Thought that I would give you all an update. Using the Nutro Natural Choice, lamb and rice formula has made a definite improvement in the house. Almost a few days after switching the farts have almost completely stopped. Also, he only goes out to crap about 3 times a day. That is makes my 16 year old son happy since he gets an allowance, and picking up the dog crap is one of the chores. 
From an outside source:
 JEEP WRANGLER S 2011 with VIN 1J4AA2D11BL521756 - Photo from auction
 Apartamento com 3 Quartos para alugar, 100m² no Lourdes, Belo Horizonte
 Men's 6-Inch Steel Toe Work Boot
As far as the toys go.....that is another story. The tire thing has been holding up with the Kong. The others......nothing really is making it. The one toy that he and my other dog have a lot of fun with is a rope toy that they play "tug of war" with. It is actually very entertaining watching a 20 lb rat terrier try to take on a 75-80 lb GWP. I do have to say that the terrier holds his own and wont take any crap. Tuff booger those terriers!


----------



## DEVIANT (Sep 11, 2007)

Right now we are only through half of the bag and really have noticed the differance. After about 4 days it was like his digestive plumbing was purged by roto-rooter. I know that some have said that it would take longer to notice the differance.....but compared to how he was doing, it is a big change!


----------



## grousehunter (Sep 11, 2007)

FishGlyph said:


> DEVIANT said:
> 
> 
> > Right now we are only through half of the bag and really have noticed the differance. After about 4 days it was like his digestive plumbing was purged by roto-rooter. I know that some have said that it would take longer to notice the differance.....but compared to how he was doing, it is a big change!
> ...


I fell out of my chair laughing at that pic! :rotfl:


----------